2007-02-07 [長年日記]
■グラフを「正しく読む」と「正しく使う」
棒グラフの波線省略は問題があるということを、(略)
http://q.hatena.ne.jp/1170771802
のコメント、
視覚は いくらでもだませるから 絶対に数値を読めを信念にしてます..
http://q.hatena.ne.jp/1170771802#c78433
に引っかかりを覚えていたのだけど正体が分かったので書く。
グラフを正しく読みとる、正しく使うという訓練をしないできているんだという話なんだけど……。
今年に入って統計の勉強をしている。仕事上でのミッションに、「ある施策」の効果を測定して上司に(そして上司はまたその上司に)報告する、というのがあったから。そのさなかで自分も含めて周りにいる全員が、まっとうな「統計」というスキルが全然ないことに気がついた。時系列に区間を区切って(月単位だったりするわけだ)計を出して折れ線グラフにするぐらい。
これじゃいかん! と思って図書館から本を借りて読んでみたり、Excelで実際にグラフを作ってみたり。
その中の一冊、「現場で使える統計学(豊田 裕貴)」にしつこいぐらい書いてあるのだけど、統計ってのはつまりデータから特徴を抽出することであり、同時にそれと引き替えにその他のディティールを削ぎ落とすということでもある*1。
グラフを正しく読むってのは、グラフの形状から元データの特徴を読み取る、というだけじゃなくて、どんな特徴が削ぎ落とされているか? にも目を向けないといけないのだろう。
その統計はどんなデータを元にしているのか? も意識する必要がある。
それは十分に踏まえた上で、いろいろな視点でグラフを見てみるのだ。
線形に近似できるのか? n次の多項式? それとも指数関数? という様な視点もある。
グラフが急激な形状変化を示しているなら、その原因を説明するのに回帰分析してみるという手もある。
あるいは回帰分析してみたらどうもこの仮説は違うらしい、という結果が出てしまうこともあるだろう。

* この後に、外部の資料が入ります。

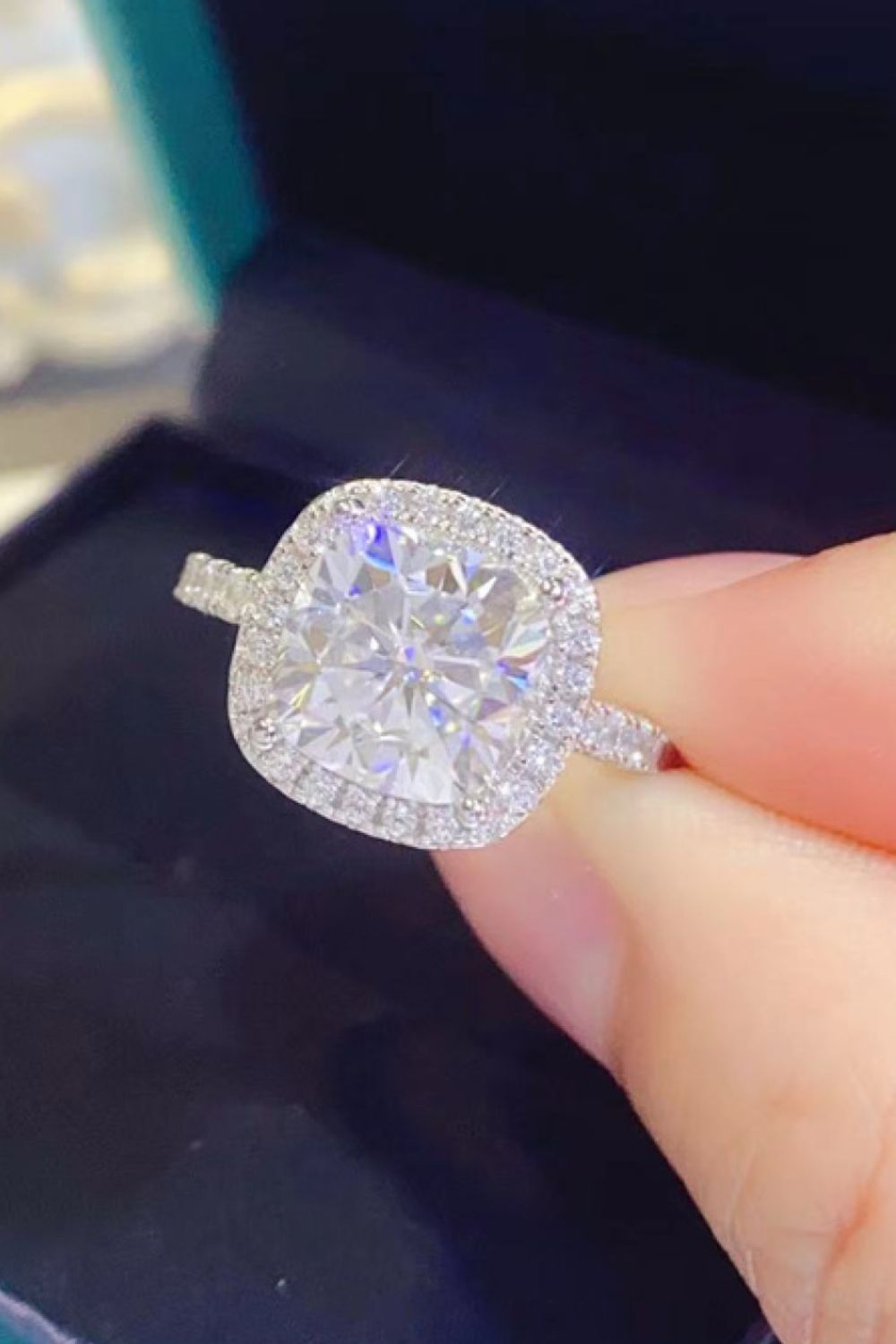 White cushion-cut halo engagement ring with diamond band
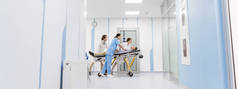 集中的医生和护士在轮床上运送无意识病人 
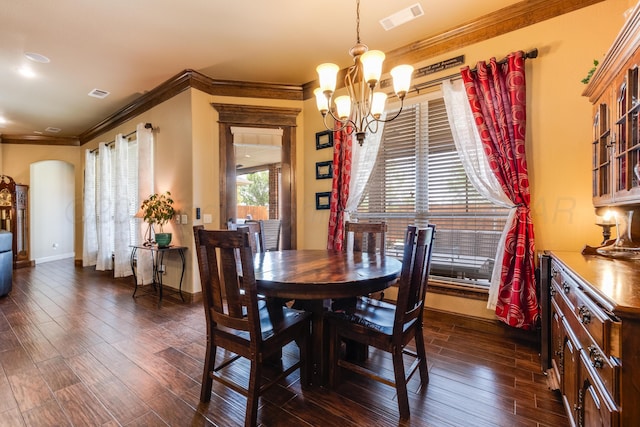 12 William Ln, Canyon, TX 79015 - dining space with a chandelier, arched walkways, dark wood-style floors, and crown molding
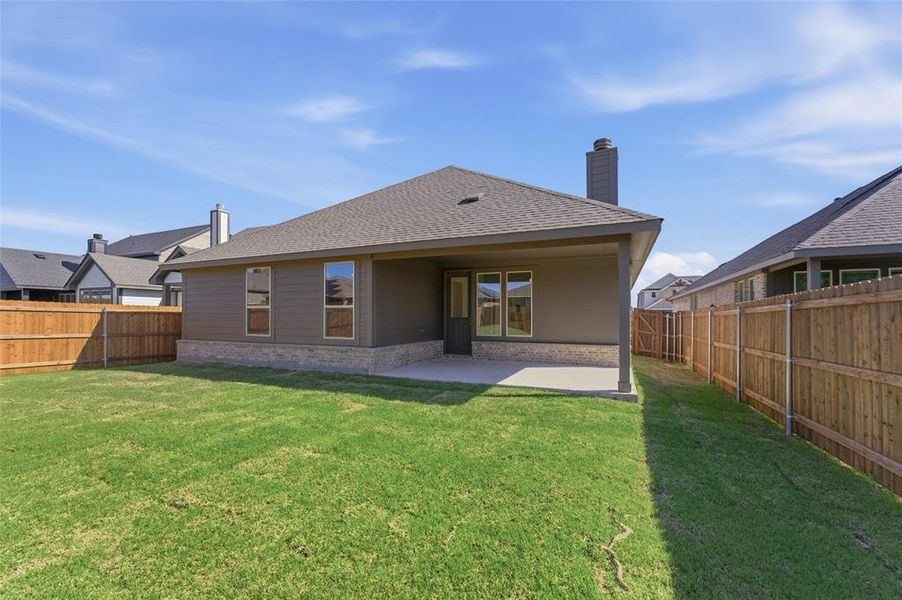 Rear view of property featuring a patio, roof with shingles, a fenced backyard, and a chimney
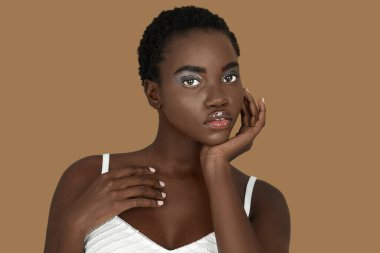 Closeup portrait of a sexy young black woman with short Afro hair, light makeup and lipstick posing by herself resting her head on the palm of her hand inside a studio with a pecan background.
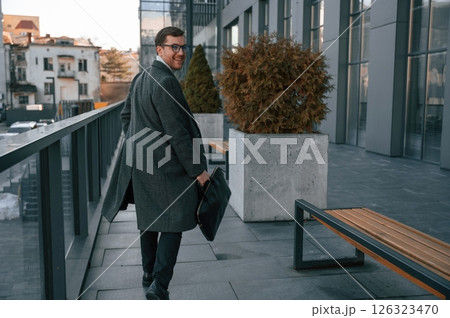Holding the bag. Handsome man in formal clothes is outdoor near the business building 126323470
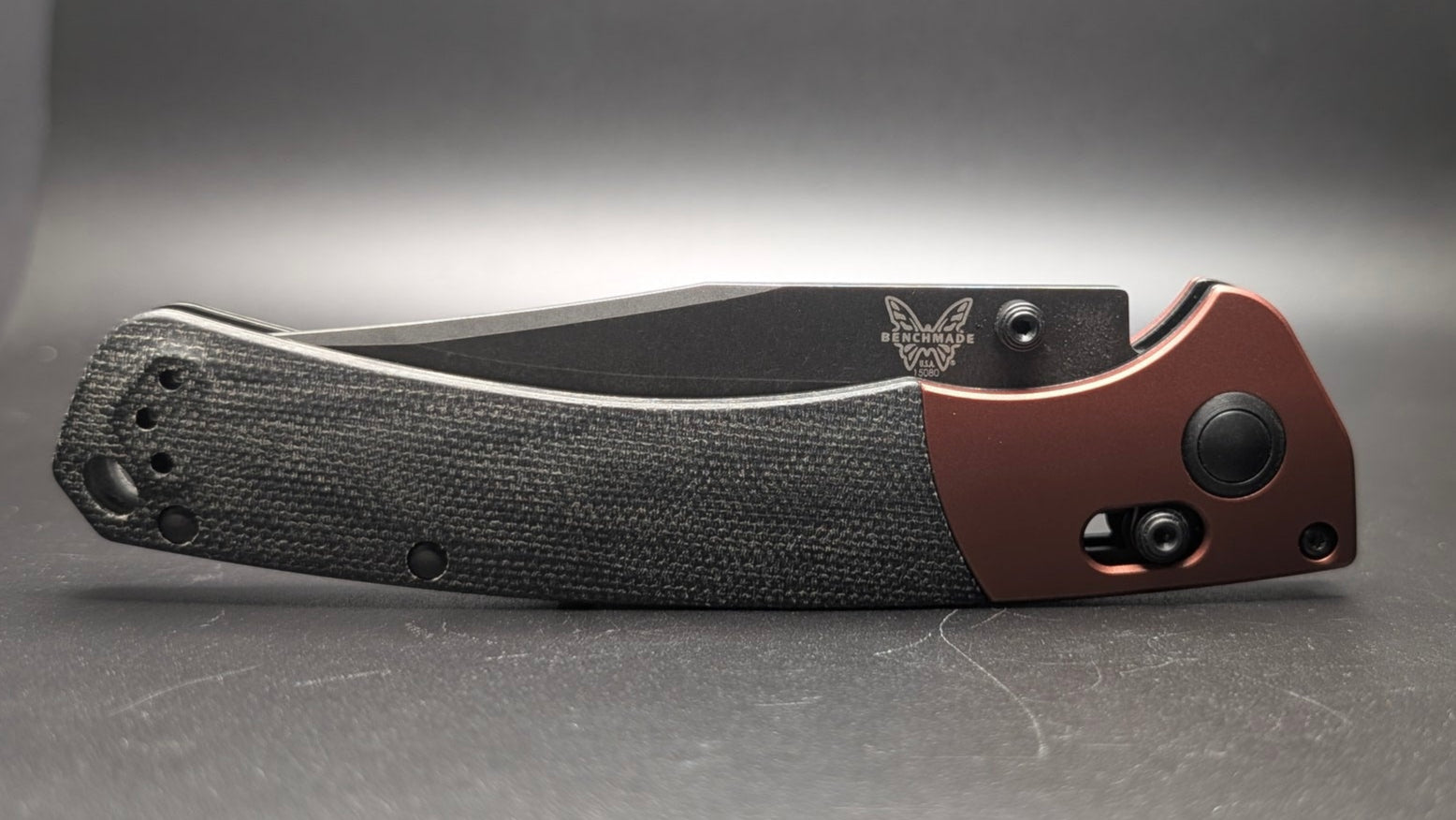 Folding knife with black handle and brown blade on a gray background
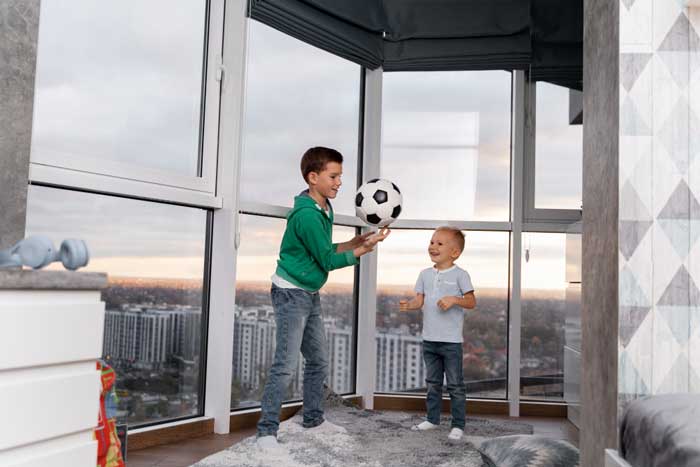 Two young children playing with a soccer ball inside a high-rise apartment near large floor-to-ceiling windows overlooking the city, enjoying natural light and safety while showcasing comfort and professional Window Replacement Marietta services.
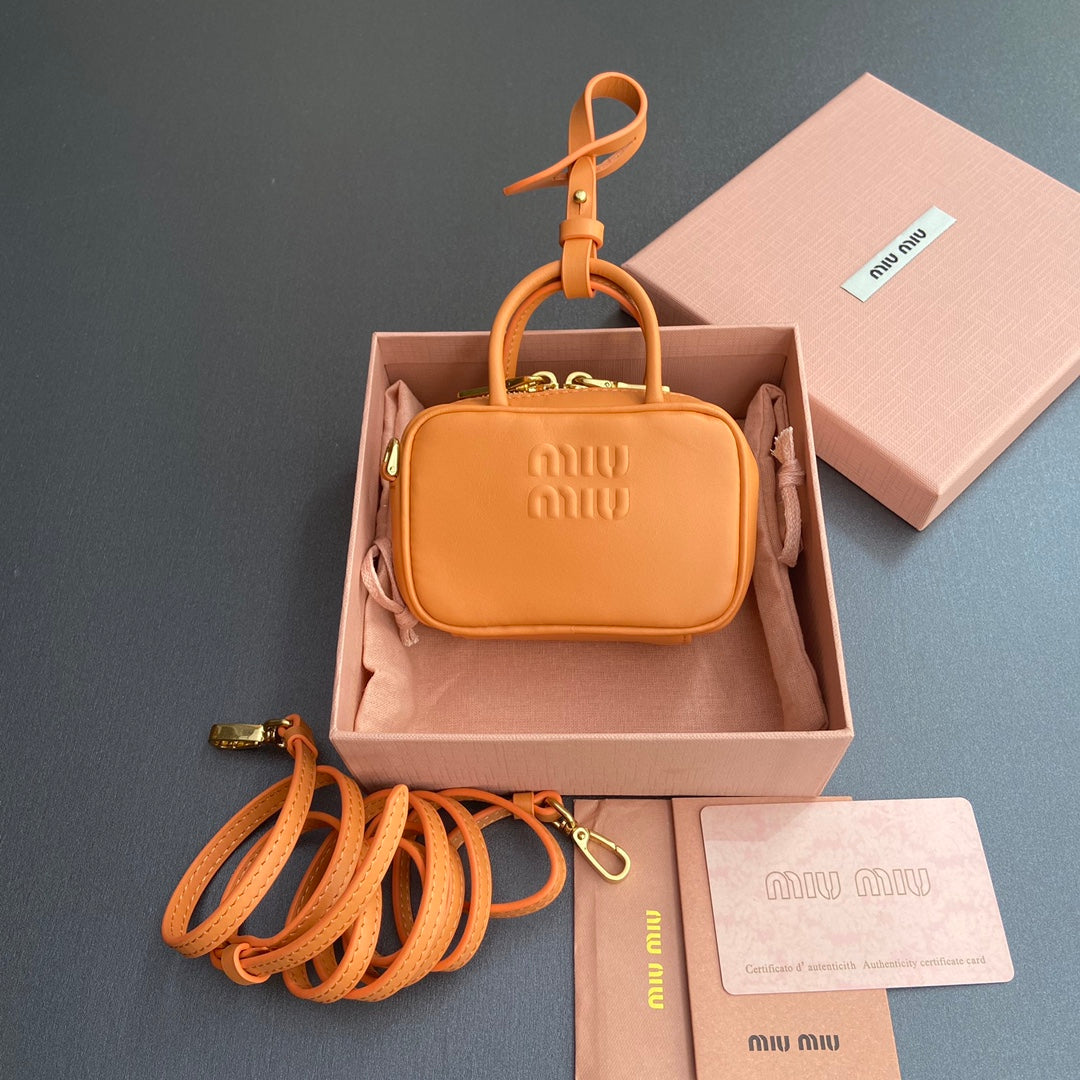 MIU MIU MICRO BAG KEYCHAIN 11 IN HOT CINNAMON ORANGE CALFSKIN EMBOSSED LOGO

"割れ窓理論"で有名なニューヨーク市の犯罪件数について回帰分析をしたら、実際は景気との相関の方が強いと考えられるいう話は「統計数字を疑う なぜ実感とズレるのか? (光文社新書)(門倉 貴史)」に載っていたはずだ。
話がずれた様な気がする。そういうテクニックとしての統計の話がしたかったわけじゃないんだった。
ええと。
グラフを「正しく読み取る」というのは上に書いた様な話でテクニック、技術に属することだと思う。
グラフを「正しく使う」っていうのはそれとは全然違う話だ。
それは、グラフというものは、どの様な説明(仮説付け)が可能かを直感的に判断する――言い換えると、仮説を構築する――ためにあるもので、その説明を根拠づけるものではない、ということ。
その判断、仮説、説明が正当であるかどうかをグラフに因って判断してはいけない。
ある仮説があって「ほら本当でしょ?」と言いたいときにグラフを添えること、それ自体がグラフの存在意義から外れているんじゃないのか。
回帰分析してみましたこうなりました。ここまでのデータを元に係数を予測してみました、その係数を使ってそれ以降を予測してみるとここまで当てはまりました。なんて言うよりもグラフを添えた方が判りやすいのは確かだ。
でもそのような判りやすさから、グラフを添えて説明すること、説明されることに慣れすぎてしまっているのではないか?
その慣れのせいで、まるで「グラフからこういう仮説が正しいことが判ります」という説明が正当であるという錯覚を起こしてしまっているのではないか?
で、これはグラフの図形だけの話じゃない。
グラフに添えられた数字だけを見て判断してももちろん駄目なのだ。
それはすでに統計的な操作を加えられた「ある特徴」でしかない。
上に書いたのと同じく、仮説を構築するために使うべきもので、仮説を根拠づけるのに使ってはいけないんじゃないか。
と、そんなことをつらつらと考えていた。
登場した本
(話の流れで引用にちょうど良いと判断したのであって、類書の中で「特にこれがお奨め」というわけではないことに注意してくださいね。まぁ、読む価値が無いと判断したものから引用したりはしないですけど)
■Google Readerのショートカット
j, k は使っていた。v, u あたりはこれで知ったのでこれから使うだろう。
Firefoxの"Search for text when I start typing."と衝突して他のショートカットは事実上私には使えないんだよな。
■クイズマジックアカデミーが
IVになっていた……。
*1 もちろん、どんなデータを集めるか? の意志決定と、実際にデータを集めるところまで含めて「統計」だけどこのエントリの中ではそこには言及しない。